Wann beginnt der Sommerschlussverkauf eigentlich genau, und wann hört er auf? Diese Frage ist zehn Jahre nach dem Fall des Rabattgesetzes in Deutschland nicht mehr so einfach zu beantworten. Experten beobachten eine regelrechte Inflation an Preisnachlässen, die auf die Verbraucher zukommt. "Die Rabattaktionen beginnen immer früher. Man kann es auch anders sagen: Sie hören gar nicht mehr auf", sagt der Deutschland-Chef der Werbeagenturgruppe Grey, Uli Veigel. Es gehe längst nicht mehr nur um Sommermode, die zum Saisonende mit Prozenten verkauft wird. Rabatte gebe es heute in verschiedenen Formen - vom Rabattmarkenheft über Bonussysteme bis hin zu Vorteilen für eine Weiterempfehlung im Internet. "Wir haben ganz eindeutig eine Rabatt-Inflation", meint Veigel. Das Schnäppchen-Portal Groupon sieht der Werbeexperte als ein Paradebeispiel für das stark wachsende Angebot. Neurowissenschaftler sagen, Rabattaktionen aktivierten das Belohnungszentrum im Kopf.

"Sommerschlussverkauf und Winterschlussverkauf stammen noch aus einer Zeit, in der die Textilwirtschaft in zwei Saisons gedacht hat. Heute gibt es sechs, acht oder mehr Kollektionen im Jahr", ergänzt Handelsexperte Thomas Harms von der Wirtschaftsprüfungsgesellschaft Ernst & Young. Zwei Termine für Schlussverkäufe reichten deshalb nicht mehr aus. Reduzierte Ware könne man heute zu jeder Zeit finden.

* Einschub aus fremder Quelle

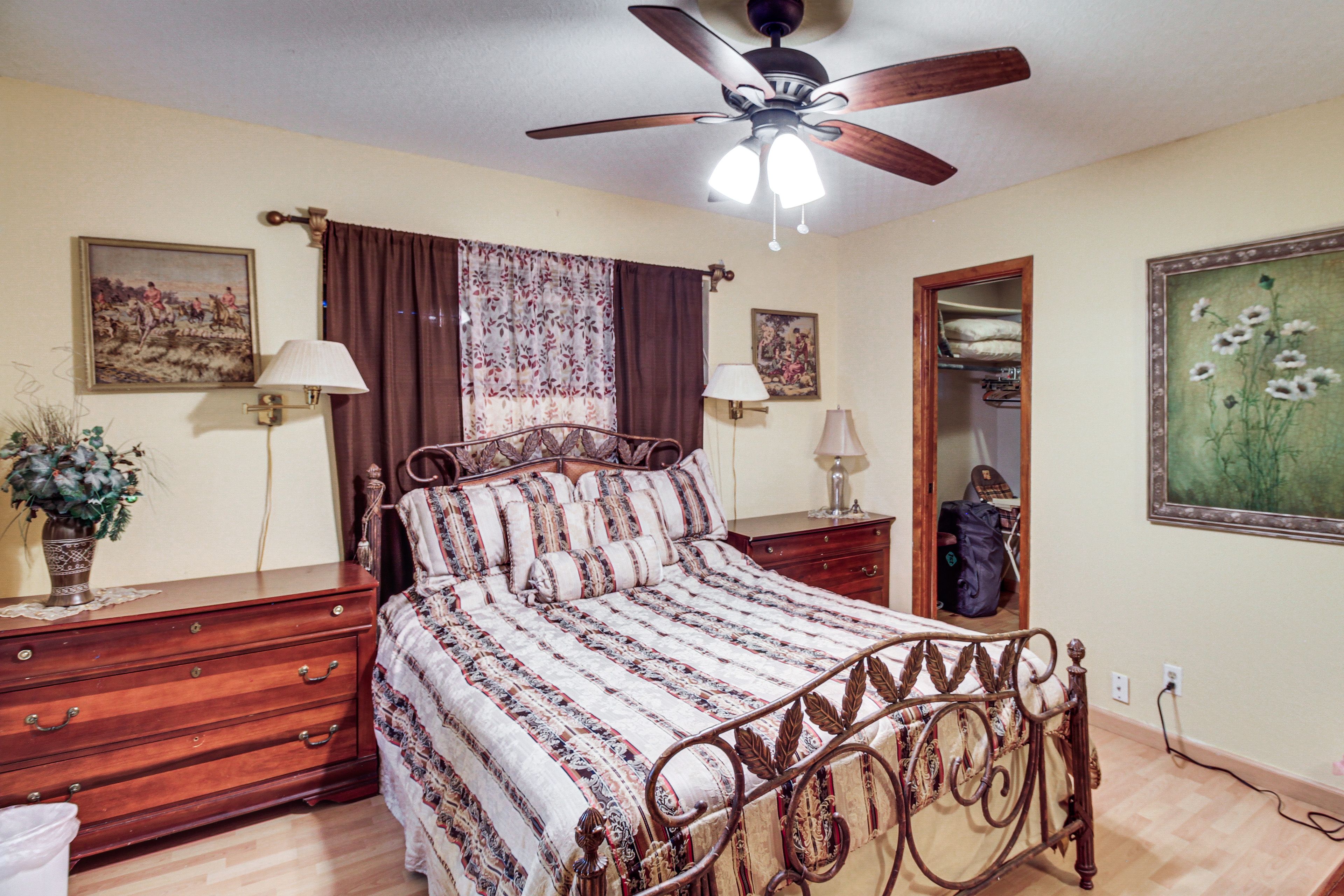 Bedroom 2 | Queen Bed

Dennoch seien SSV und WSV weiter wichtig, um die Lager zu räumen. Mit Rabatten vor den gewohnten Terminen der Schlussverkäufe versuchten Unternehmen, die Kauflust frühzeitig auf sich zu ziehen und damit noch größere Preisabschläge bei einem Teil der Ware zu vermeiden. "Der Handel hat kein Interesse daran, Produkte zu verramschen, aber saisonal bedingt Kundenanreize zu geben", betont Stefan Genth, Hauptgeschäftsführer des Handelsverbandes Deutschland. In Zeiten des Rabattgesetzes seien Preisnachlässe stark reglementiert gewesen, der Fokus habe auf den Schlussverkäufen gelegen. Diese seien noch in den Köpfen der Kunden.

Heute gebe es über das ganze Jahr vielfältige Rabattformen. Die Preisaktionen im Sommer richteten sich in vielen Bundesländern nach dem Ferienbeginn. "Die aktuellen Nachlässe leiten den Sommerschlussverkauf ein, der Ende Juli sein Finale hat."

Auch in Hamburg ist noch Luft nach oben. Für shoppinggeplagte Ehemänner und Mütter modebewusster Töchter gibt es daher noch keine Entwarnung: "Wir werden weiter reduzieren, bis Anfang August", sagte gestern eine H&M-Verkäuferin.